For parents, the legal system can seem confusing and contradictory. In some states, a juvenile needs her parent’s permission to pierce her ears, but not for obtaining birth control or, in some cases, to have an abortion. All states make young adults wait until they are 21 before being allowed to purchase alcohol; however, teens can drive as young as 15 in some states.
Most teens are “good kids” and aren’t likely to get into the kind of trouble that “juvies” find themselves in. However, one wrong-headed move and your child could be in for some legal trouble, perhaps sentenced for a crime. In prison, he or she will be exposed to an unsavory element and may find themselves pulled further down a path leading to a life of crime.
The path to adulthood for teenagers is fraught with many challenges as young folks navigate their way forward. J. Tom Morgan, a nationally recognized expert on crimes involving juveniles, cautions parents about the many pitfalls facing youth today. Writing for “Carolina Parent” Morgan notes that so-called “harmless pranks” include what some parents may have done when they were young, decisions that can result in criminal prosecution.
For example, using a fake I.D. to gain access to a bar is a misdemeanor. In time’s past, your officer of the law may have simply confiscated the I.D.s and called your parents. Today, police may haul your child in.
Attending a party where alcohol is served can mean your child will be arrested even if he doesn’t take a sip. An officer can claim “probable cause” and round up everyone and charge them with a misdemeanor.
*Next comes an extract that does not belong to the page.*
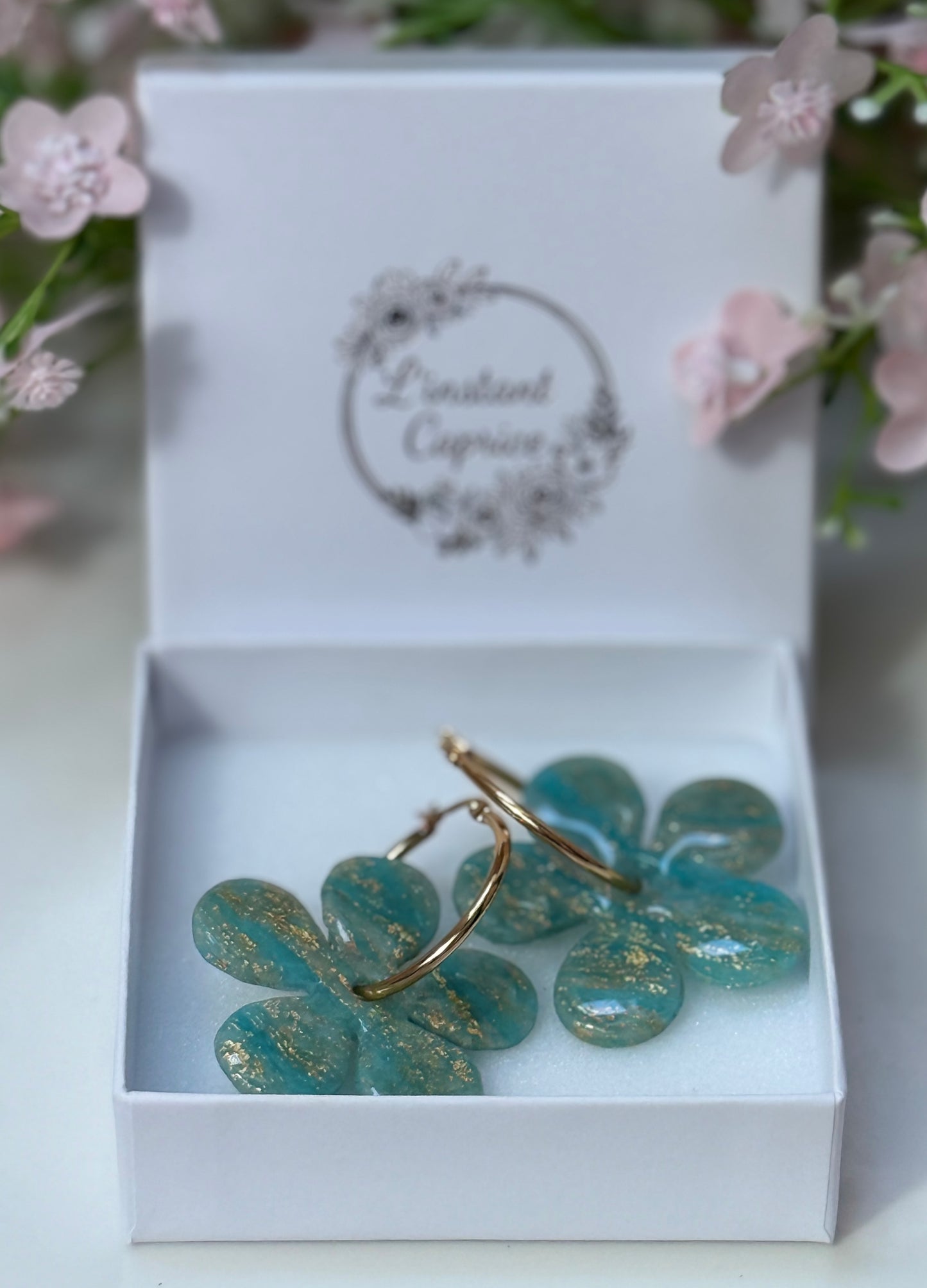 Créoles Fleur Maxi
Furthermore, as parents you can be held responsible for your teen’s secret party held at your home while you were away. Many states have “social host liability” laws on the books where you’re responsible as a homeowner if a friend of your son or daughter leaves your home and gets into trouble such as drunken driving. Imagine the grief and lawsuit you’ll face if someone is injured or dies.
Morgan also warns parents about the Internet, noting that certain online pranks can have serious ramifications. A threatening email, a nasty comment left on MySpace or Facebook, or repeatedly instant messaging someone who told them to stop can result in charges of cyberstalking. Your teen must understand that actions do have consequences.
Should your son or daughter find themselves in trouble, you may be able to get the misdemeanor dismissed. In some locales, such as Tucson, some first-time offenders can get have their charges dismissed which means there is no criminal conviction nor a trial. No fine is levied either, but the offender will be required to complete a one-day 7 1/2 hour counseling session through the city’s diversion program. That program costs $200 and, if restitution must be made, then an additional cost is assessed.
Clearly, curtailing teen behavior is in everyone’s best interests and can save your child from heading down a path of ruination. Commit a misdemeanor in some locales and your son or daughter may not have the sympathetic ear of a judge or jury to offer up a second chance.